Given material Start Marker
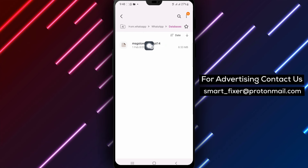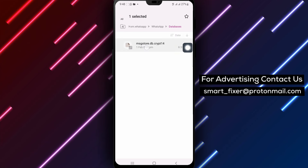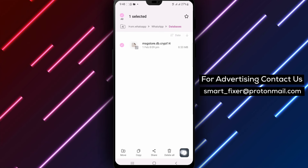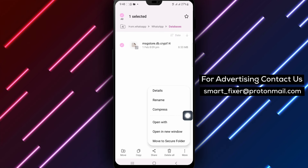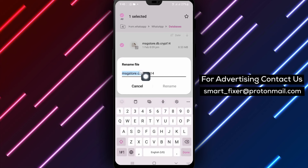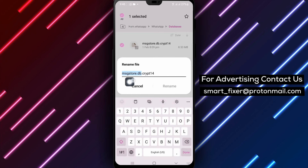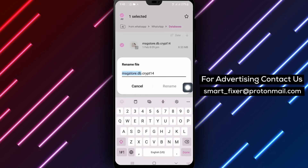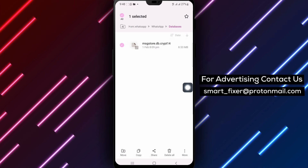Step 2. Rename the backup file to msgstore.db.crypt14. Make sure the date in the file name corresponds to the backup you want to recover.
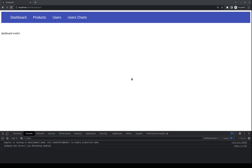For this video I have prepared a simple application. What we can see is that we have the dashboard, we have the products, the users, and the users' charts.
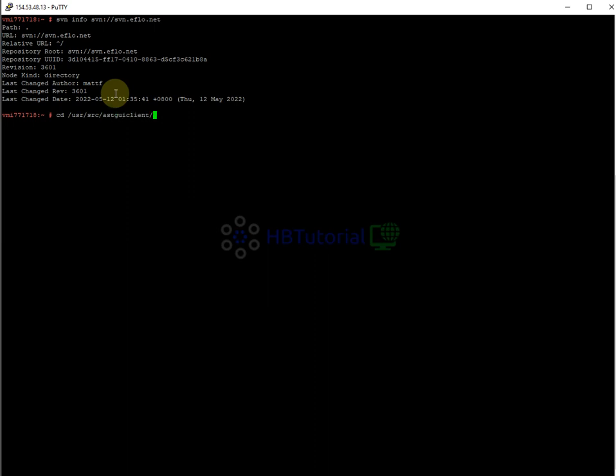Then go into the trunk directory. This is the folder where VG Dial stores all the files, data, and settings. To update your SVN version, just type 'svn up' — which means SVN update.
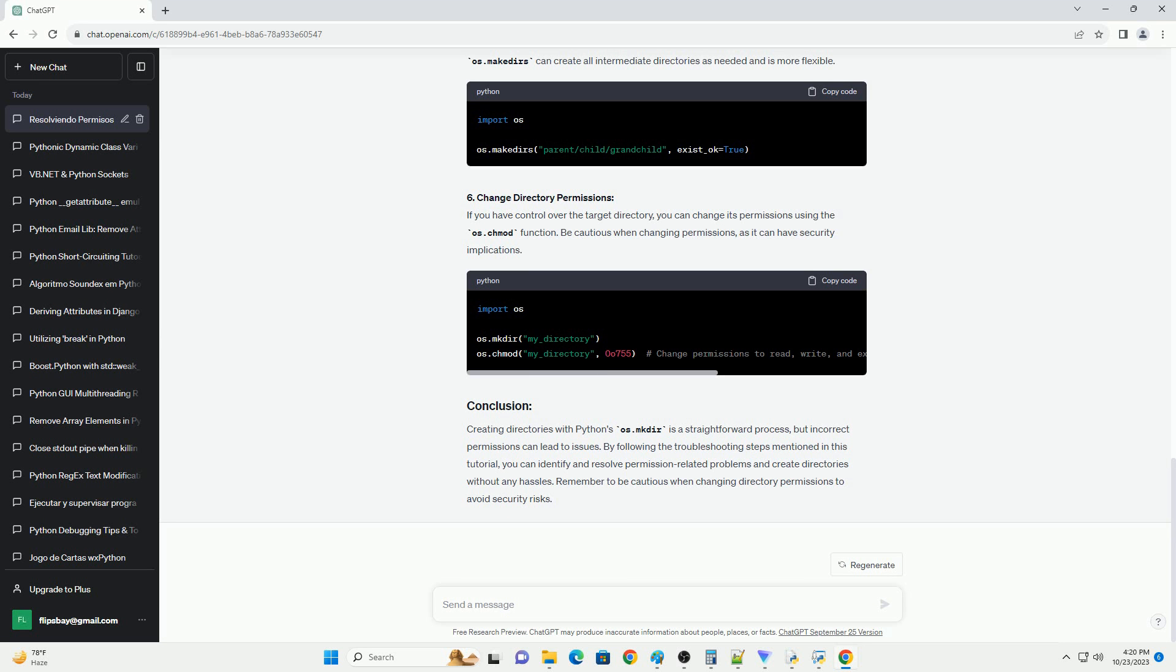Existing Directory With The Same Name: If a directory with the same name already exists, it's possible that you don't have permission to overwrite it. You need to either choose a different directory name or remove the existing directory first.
Given material End Marker
Make an exact copy of the listing, with no images in it.

Step 2. Rename the backup file to msgstore.db.crypt14. Make sure the date in the file name corresponds to the backup you want to recover.
For this video I have prepared a simple application. What we can see is that we have the dashboard, we have the products, the users, and the users' charts.
Then go into the trunk directory. This is the folder where VG Dial stores all the files, data, and settings. To update your SVN version, just type 'svn up' — which means SVN update.
Existing Directory With The Same Name: If a directory with the same name already exists, it's possible that you don't have permission to overwrite it. You need to either choose a different directory name or remove the existing directory first.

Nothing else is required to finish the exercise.